Intel Discusses The Future Of Many Integrated Core (MIC) Products
Larrabee, Intel's once-vaunted, next-generation graphics card died years ago, but the CPU technology behind the would-be graphics card has lived on. Intel discussed the future of MIC/Knight's Corner today. After Larrabee was officially canceled, Intel repurposed the design and seeded development kits to appropriate market segments. MIC cards won't start shipping until the 22nm Knight's Corner chip is launched, but even the Knight's Ferry prototypes offer tantalizing hints at what future performance might be resemble.
Like Larrabee, Knight's Corner (and future MIC products in general) utilize a CPU based on Intel's original Pentium architecture (P54C). Modifications include complete cache coherency, x86-64 compatibility, and 512-bit vector support capable of performing 16 single-precision floating point operations simultaneously.
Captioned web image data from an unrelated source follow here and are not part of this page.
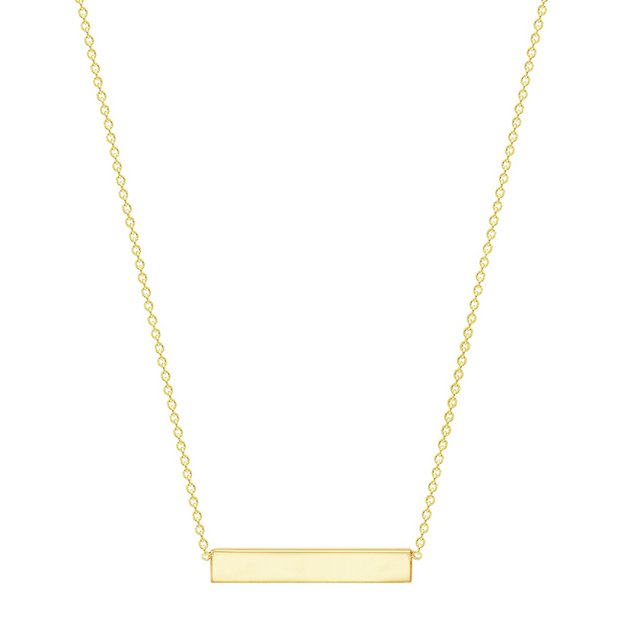 Revere 18ct gold plated bar pendant 43cm chain (British brand)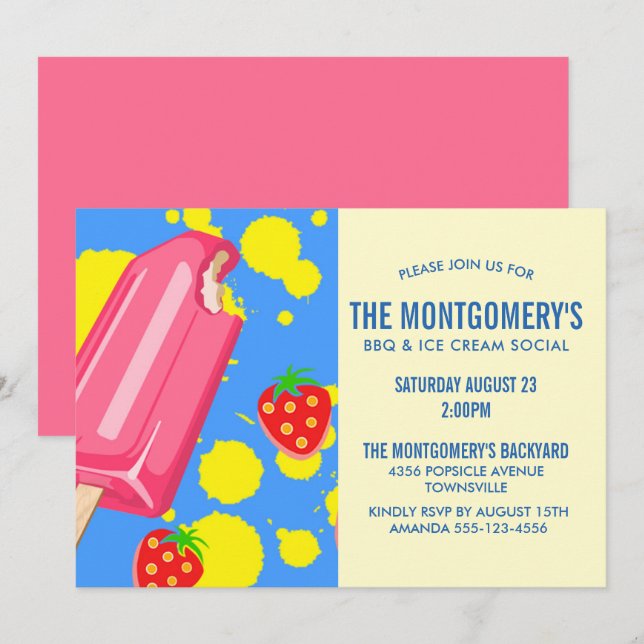Invitation Popsicle rose et fraises BBQ Party (Devant / Derrière)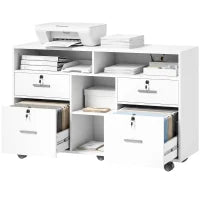 File Cabinet, Locking Drawers, Open Shelves, 5 Casters, White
One advantage Intel is talking up in a big way is the fact that existing x86 applications will be relatively easy to port to MIC processors. The exact amount of necessary modification will depend on what the program does and how easy it is to parallelize the workload across the 50 chips Knight's Corner will offer. The company claims that "With greater reuse of parallel processor code, software companies and IT departments benefit from creating and maintaining a single code base binary and not having to retrain developers on proprietary programming models associated with accelerators."
The advantages of Knight's Crossing, from Intel's point of view.
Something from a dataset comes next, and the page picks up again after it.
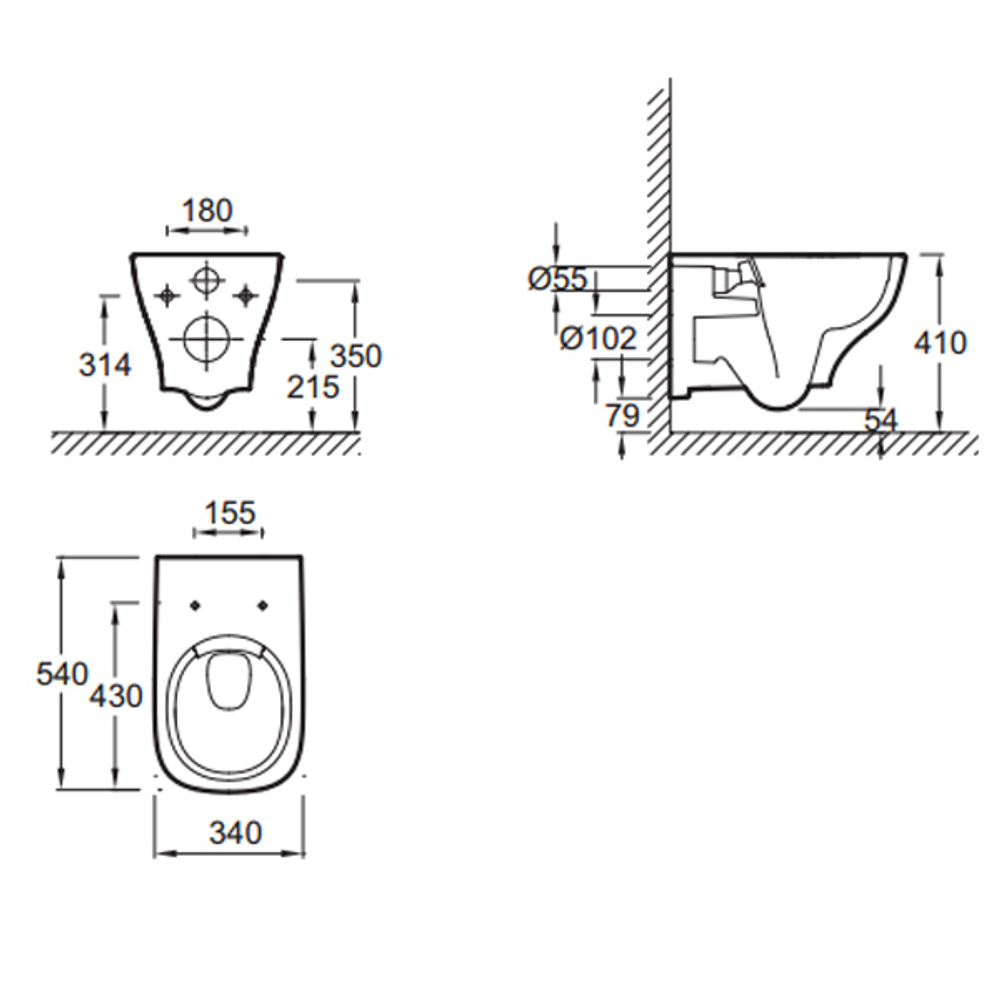 Унитаз подвесной Jacob Delafon Struktura EDF102-00 схема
That's true to a point but it's not universally applicable. Knight's Corner is almost certainly 9-12 months away, if not longer. That's more than enough time for NV and AMD to make their own move to 28nm and further evolve their own GPGPU architectures. This is more of a potential issue for Nvidia than AMD--Team Green doesn't currently have a Tesla-equivalent GPGPU product line.
x86 compatibility may give Intel an edge, but it's far from the only important factor. Knight's Corner will utilize Intel's tri-gate technology, but will rely, at least in part, on proprietary Intel development tools and the OpenMP software standard. According to SGI's CTO, Eng Lim Goh, Knight's Corner is intriguingly easy to program. Performance, however, varies. Speaking to the EETimes, Goh noted:
[P]erformance ranges dramatically based on applications from orders of magnitude improvements to incremental improvements" using the current chips [Knight's Ferry] that support only single-precision floating point operations.The one good sign (from NV's perspective) is that while Intel mentioned 'exaflop computing' multiple times in its presentation, the company refrained from publishing any benchmark results between Knight's Ferry/Knight's Corner products and any of NV's Tesla GPUs. That could mean that Intel isn't completely confident in how the two solutions stack up against each other.
You end up with two kinds of customers, one highly satisfied with [AMD and Nvidia graphics] accelerators because despite the tedious porting process, their results are very good. Others feel their time spent on porting [their apps to AMD and Nvidia chips] doesn’t justify the performance and there is a huge part of this second group for whom MIC is useful—and ultimately some of the first group may want MIC, too.
Alternatively, Santa Clara may not want to tip its hand too early. Larrabee may be dead and gone, but its legacy could still mean trouble for Nvidia.